As hybrid and remote work rates have risen over the last few years, questions around optimizing productivity have continued to plague HR, particularly when it comes to the role of remote meetings. It’s a topic HR needs to keep front and center, according to a new survey, which found that an ineffective virtual meeting culture could ultimately drag down productivity and even increase turnover.
ClickUp, a project management AI-based software provider, recently released findings from its survey of more than 1,000 desk workers about virtual meeting culture. Key findings include that 46% of employees have quit because of a company’s broken collaboration culture, particularly too many useless meetings. More than half say the decision to quit was connected to an organization’s virtual meeting software.
Mandy Mekhail, director of people at ClickUp, says the survey results are unsurprising.
“Virtual meetings are broken,” Mekhail says. “We’ve created this massive overhead where people spend more time talking about work than actually doing work.”

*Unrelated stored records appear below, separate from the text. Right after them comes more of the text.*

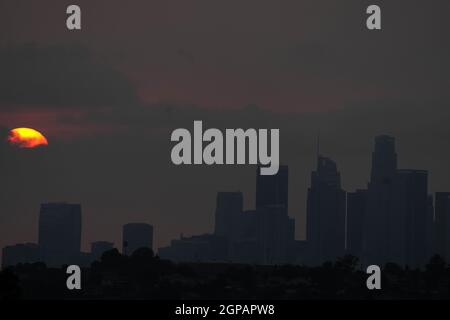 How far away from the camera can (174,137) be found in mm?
138875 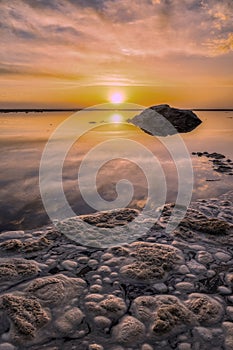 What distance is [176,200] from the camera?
22.1 feet

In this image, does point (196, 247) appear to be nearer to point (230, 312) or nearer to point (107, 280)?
point (230, 312)

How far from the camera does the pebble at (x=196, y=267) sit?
3877 mm

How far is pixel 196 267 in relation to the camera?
3963mm

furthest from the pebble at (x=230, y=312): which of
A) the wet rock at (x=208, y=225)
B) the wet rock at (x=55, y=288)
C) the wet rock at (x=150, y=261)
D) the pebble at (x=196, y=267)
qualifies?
the wet rock at (x=208, y=225)

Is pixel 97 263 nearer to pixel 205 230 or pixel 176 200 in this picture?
pixel 205 230

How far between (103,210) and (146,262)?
7.25ft

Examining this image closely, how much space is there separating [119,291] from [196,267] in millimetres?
1349

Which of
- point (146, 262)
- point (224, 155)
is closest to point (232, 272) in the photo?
point (146, 262)

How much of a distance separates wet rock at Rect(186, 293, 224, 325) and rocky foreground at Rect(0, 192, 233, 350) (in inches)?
0.4

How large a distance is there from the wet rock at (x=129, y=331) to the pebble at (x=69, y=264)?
1235 mm

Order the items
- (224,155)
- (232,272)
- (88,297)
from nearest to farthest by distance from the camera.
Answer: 1. (88,297)
2. (232,272)
3. (224,155)

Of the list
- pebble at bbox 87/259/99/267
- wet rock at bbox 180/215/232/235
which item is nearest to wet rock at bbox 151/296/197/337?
pebble at bbox 87/259/99/267

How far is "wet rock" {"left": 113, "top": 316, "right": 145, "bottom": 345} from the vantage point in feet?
8.84

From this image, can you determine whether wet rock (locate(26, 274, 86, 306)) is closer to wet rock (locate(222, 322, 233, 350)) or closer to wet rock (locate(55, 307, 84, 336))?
wet rock (locate(55, 307, 84, 336)) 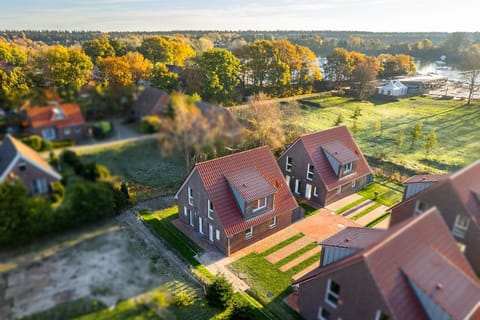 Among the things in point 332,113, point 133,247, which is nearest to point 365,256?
point 133,247

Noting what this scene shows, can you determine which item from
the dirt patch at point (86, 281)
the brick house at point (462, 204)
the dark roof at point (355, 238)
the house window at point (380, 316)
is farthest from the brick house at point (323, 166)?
the dirt patch at point (86, 281)

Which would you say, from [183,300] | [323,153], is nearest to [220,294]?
[183,300]

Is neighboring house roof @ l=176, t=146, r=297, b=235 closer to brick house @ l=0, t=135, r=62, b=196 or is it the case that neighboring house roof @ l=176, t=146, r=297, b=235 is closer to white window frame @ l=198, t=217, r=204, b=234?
white window frame @ l=198, t=217, r=204, b=234

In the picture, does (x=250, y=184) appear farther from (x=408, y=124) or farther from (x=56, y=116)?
(x=408, y=124)

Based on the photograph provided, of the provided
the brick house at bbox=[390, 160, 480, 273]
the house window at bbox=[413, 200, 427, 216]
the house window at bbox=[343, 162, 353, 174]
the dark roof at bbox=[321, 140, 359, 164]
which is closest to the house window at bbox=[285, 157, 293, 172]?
the dark roof at bbox=[321, 140, 359, 164]

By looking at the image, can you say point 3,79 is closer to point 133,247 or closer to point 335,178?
point 133,247

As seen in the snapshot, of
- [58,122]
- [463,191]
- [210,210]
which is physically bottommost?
[210,210] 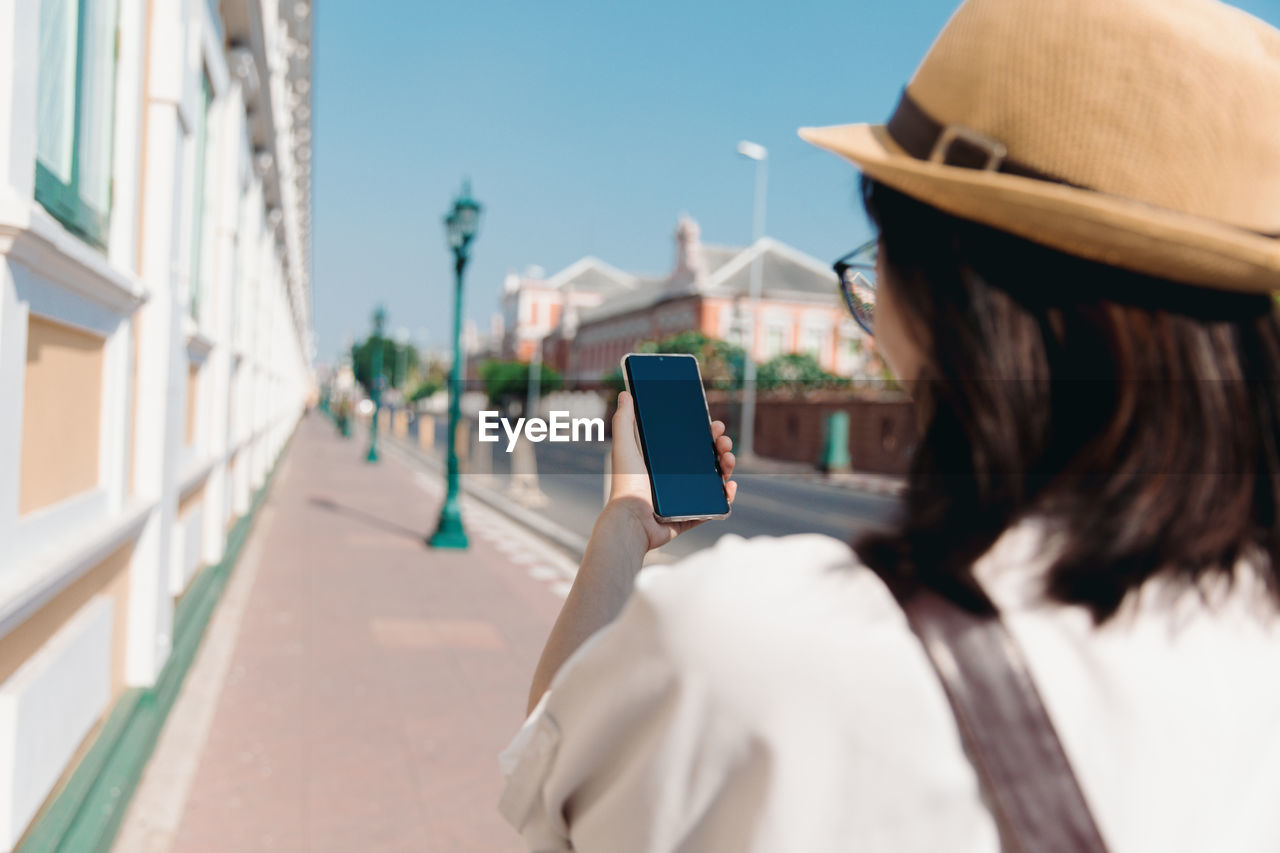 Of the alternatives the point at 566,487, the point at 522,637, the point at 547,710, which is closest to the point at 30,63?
the point at 547,710

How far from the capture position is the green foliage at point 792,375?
4372 centimetres

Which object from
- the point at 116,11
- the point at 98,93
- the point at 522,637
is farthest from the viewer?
the point at 522,637

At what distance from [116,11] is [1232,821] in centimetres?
356

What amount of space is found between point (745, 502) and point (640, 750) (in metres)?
19.4

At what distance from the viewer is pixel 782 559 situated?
78cm

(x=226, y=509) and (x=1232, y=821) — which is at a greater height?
(x=1232, y=821)

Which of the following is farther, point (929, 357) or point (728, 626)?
point (929, 357)

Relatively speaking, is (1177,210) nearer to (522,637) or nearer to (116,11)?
(116,11)

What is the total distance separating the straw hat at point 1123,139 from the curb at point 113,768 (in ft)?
7.99

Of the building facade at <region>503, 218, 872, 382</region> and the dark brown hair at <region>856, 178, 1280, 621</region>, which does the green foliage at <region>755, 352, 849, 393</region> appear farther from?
the dark brown hair at <region>856, 178, 1280, 621</region>

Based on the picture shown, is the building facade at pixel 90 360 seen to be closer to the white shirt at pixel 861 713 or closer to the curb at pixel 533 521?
the white shirt at pixel 861 713

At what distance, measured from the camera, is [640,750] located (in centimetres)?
79

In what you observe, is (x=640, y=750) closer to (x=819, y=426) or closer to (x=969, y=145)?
(x=969, y=145)

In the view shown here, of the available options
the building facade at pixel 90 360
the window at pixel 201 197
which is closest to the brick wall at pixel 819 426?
the window at pixel 201 197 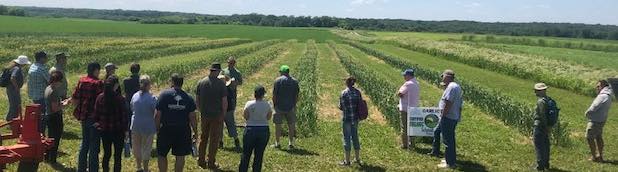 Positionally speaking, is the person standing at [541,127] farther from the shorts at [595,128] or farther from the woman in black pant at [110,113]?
the woman in black pant at [110,113]

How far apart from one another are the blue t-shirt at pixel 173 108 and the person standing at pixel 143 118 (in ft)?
0.71

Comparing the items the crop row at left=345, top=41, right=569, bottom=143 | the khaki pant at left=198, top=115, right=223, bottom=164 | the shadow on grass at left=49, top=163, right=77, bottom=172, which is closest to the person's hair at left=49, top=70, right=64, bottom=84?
the shadow on grass at left=49, top=163, right=77, bottom=172

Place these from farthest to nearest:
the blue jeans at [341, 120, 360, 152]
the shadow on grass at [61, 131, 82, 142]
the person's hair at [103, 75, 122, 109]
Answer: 1. the shadow on grass at [61, 131, 82, 142]
2. the blue jeans at [341, 120, 360, 152]
3. the person's hair at [103, 75, 122, 109]

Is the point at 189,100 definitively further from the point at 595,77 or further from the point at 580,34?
the point at 580,34

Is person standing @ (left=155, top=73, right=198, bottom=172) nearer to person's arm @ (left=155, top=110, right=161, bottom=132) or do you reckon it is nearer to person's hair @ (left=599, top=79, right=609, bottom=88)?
person's arm @ (left=155, top=110, right=161, bottom=132)

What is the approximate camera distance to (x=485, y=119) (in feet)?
59.2

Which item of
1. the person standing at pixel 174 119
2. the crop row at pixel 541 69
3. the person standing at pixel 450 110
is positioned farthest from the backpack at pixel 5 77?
the crop row at pixel 541 69

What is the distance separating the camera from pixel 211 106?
392 inches

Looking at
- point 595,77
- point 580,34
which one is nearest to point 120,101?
point 595,77

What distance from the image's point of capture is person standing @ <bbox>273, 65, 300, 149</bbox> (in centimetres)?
1164

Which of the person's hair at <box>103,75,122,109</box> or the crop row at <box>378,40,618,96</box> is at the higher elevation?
the person's hair at <box>103,75,122,109</box>

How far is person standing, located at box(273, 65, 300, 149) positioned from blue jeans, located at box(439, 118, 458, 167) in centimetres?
291

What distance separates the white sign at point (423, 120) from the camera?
39.2 feet

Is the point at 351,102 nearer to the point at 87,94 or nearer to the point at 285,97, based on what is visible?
the point at 285,97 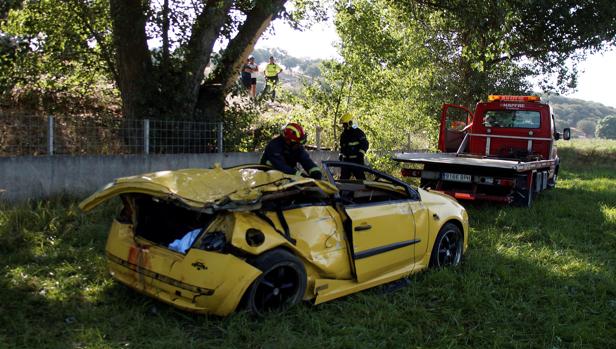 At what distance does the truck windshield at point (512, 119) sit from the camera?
11.2 meters

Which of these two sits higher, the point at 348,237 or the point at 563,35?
the point at 563,35

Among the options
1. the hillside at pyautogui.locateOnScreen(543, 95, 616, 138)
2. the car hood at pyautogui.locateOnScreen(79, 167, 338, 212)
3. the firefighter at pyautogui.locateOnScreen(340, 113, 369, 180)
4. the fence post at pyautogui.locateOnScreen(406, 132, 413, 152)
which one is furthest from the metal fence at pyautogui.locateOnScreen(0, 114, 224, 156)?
→ the hillside at pyautogui.locateOnScreen(543, 95, 616, 138)

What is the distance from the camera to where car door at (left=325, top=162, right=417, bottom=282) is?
15.2ft

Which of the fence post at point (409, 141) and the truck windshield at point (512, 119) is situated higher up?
the truck windshield at point (512, 119)

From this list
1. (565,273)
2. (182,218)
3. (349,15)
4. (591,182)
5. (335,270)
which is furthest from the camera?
(591,182)

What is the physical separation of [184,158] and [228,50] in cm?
243

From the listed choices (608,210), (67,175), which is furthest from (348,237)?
(608,210)

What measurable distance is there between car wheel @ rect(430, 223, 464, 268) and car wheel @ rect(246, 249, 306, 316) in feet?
6.62

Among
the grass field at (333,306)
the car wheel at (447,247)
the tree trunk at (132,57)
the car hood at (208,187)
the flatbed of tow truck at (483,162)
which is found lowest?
the grass field at (333,306)

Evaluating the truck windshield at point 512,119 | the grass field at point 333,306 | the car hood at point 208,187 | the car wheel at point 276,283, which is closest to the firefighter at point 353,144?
the grass field at point 333,306

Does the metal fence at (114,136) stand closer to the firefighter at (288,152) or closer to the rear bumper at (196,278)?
the firefighter at (288,152)

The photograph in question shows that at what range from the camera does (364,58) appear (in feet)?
40.6

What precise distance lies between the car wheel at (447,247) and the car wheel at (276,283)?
2018mm

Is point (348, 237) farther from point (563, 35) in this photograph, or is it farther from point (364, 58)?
point (563, 35) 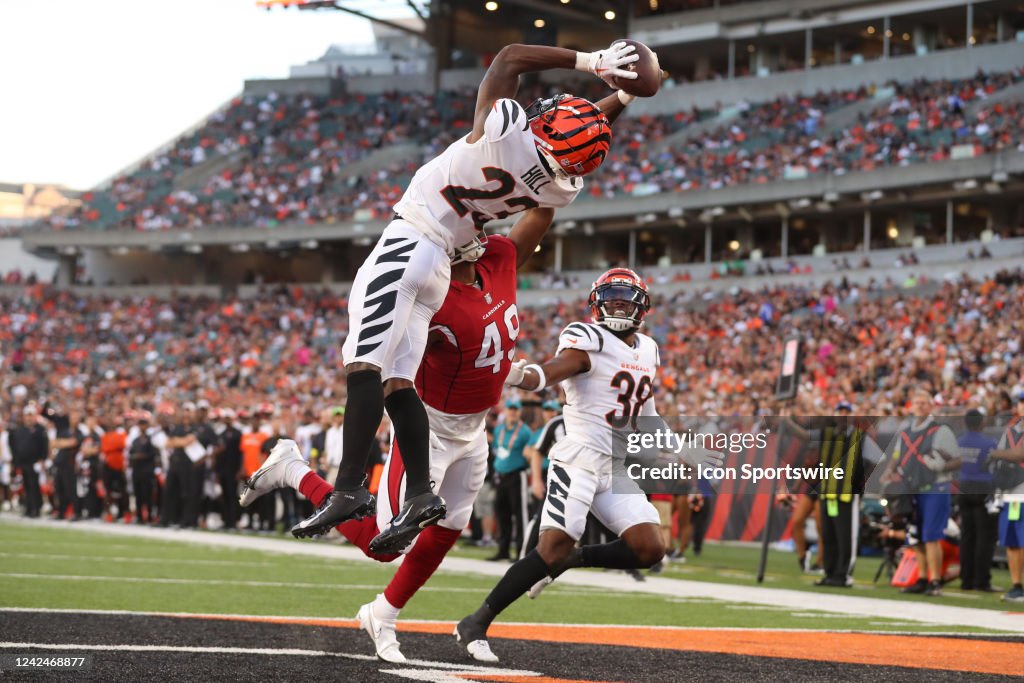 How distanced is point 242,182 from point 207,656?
138 ft

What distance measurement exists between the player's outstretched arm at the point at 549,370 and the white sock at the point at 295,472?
1028 millimetres

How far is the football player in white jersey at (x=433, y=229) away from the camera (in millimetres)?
4793

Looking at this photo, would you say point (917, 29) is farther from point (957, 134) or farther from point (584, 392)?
point (584, 392)

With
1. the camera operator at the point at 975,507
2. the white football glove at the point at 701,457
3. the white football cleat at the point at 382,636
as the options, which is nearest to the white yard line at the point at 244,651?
the white football cleat at the point at 382,636

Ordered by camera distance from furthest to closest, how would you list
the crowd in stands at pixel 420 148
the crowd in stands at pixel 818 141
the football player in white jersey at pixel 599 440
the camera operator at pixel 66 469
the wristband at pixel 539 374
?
the crowd in stands at pixel 420 148 < the crowd in stands at pixel 818 141 < the camera operator at pixel 66 469 < the football player in white jersey at pixel 599 440 < the wristband at pixel 539 374

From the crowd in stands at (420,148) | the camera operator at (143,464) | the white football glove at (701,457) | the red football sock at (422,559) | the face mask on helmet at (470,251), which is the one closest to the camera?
the face mask on helmet at (470,251)

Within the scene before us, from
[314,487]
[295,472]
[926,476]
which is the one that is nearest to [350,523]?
[314,487]

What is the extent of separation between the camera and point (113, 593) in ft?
27.1

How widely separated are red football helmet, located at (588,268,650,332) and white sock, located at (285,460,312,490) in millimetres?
2075

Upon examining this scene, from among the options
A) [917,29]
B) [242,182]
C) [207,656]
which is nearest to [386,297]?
[207,656]

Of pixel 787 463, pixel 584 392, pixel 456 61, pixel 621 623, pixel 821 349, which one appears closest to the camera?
pixel 584 392

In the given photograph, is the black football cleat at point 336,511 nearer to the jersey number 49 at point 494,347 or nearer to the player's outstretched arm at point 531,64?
→ the jersey number 49 at point 494,347

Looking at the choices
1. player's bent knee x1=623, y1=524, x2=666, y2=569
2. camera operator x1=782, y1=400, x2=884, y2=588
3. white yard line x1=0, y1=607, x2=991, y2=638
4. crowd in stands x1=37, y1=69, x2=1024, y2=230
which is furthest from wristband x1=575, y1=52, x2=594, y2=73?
crowd in stands x1=37, y1=69, x2=1024, y2=230

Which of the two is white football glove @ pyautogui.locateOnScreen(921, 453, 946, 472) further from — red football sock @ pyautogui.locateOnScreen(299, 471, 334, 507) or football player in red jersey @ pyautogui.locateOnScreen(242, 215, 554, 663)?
red football sock @ pyautogui.locateOnScreen(299, 471, 334, 507) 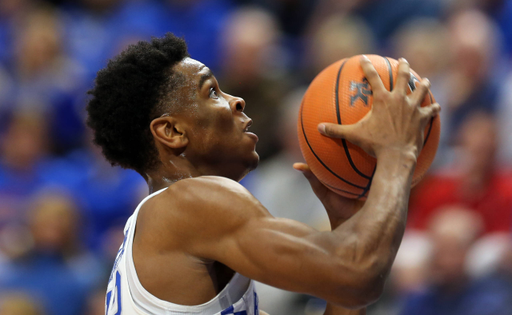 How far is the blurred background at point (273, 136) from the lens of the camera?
14.8 ft

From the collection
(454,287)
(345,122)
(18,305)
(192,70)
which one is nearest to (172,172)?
(192,70)

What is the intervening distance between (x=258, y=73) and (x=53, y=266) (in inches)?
101

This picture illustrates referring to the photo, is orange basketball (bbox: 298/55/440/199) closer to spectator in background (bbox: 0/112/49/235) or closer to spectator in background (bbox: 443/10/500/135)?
spectator in background (bbox: 443/10/500/135)

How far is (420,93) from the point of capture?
7.97 feet

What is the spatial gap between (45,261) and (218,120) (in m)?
3.20

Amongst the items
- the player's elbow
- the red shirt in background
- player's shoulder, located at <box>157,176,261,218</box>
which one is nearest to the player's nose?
player's shoulder, located at <box>157,176,261,218</box>

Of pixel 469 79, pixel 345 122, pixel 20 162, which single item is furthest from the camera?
pixel 20 162

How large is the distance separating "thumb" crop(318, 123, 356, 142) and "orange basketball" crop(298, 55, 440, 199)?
51 mm

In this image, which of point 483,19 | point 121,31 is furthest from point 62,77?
point 483,19

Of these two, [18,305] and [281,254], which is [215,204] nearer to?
[281,254]

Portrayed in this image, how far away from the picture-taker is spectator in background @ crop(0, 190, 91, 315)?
5.19 m

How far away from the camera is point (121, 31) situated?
7137mm

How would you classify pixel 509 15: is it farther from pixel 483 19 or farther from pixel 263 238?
pixel 263 238

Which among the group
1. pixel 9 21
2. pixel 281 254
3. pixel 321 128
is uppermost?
pixel 321 128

Is it time to ‘kill all meetings’?
Mekhail says ineffective virtual meeting culture is connected to communication failures, which lead to teams’ inability to achieve results and persistent “rework,” or employees having to revisit or redo tasks. Nearly two-thirds of survey respondents say most meetings require follow-up because of unclear directions.
The frequency of virtual meetings may also be an impediment to productivity, the survey found, and may be driving inattention. For instance, 40% of respondents say they spend four to six, and sometimes more, hours per week in virtual meetings—and they multitask in half of them. Nearly half say they have used the restroom during a remote meeting, and 13% have actually showered during one.
“That just shows how inefficient meetings are,” Mekhail says.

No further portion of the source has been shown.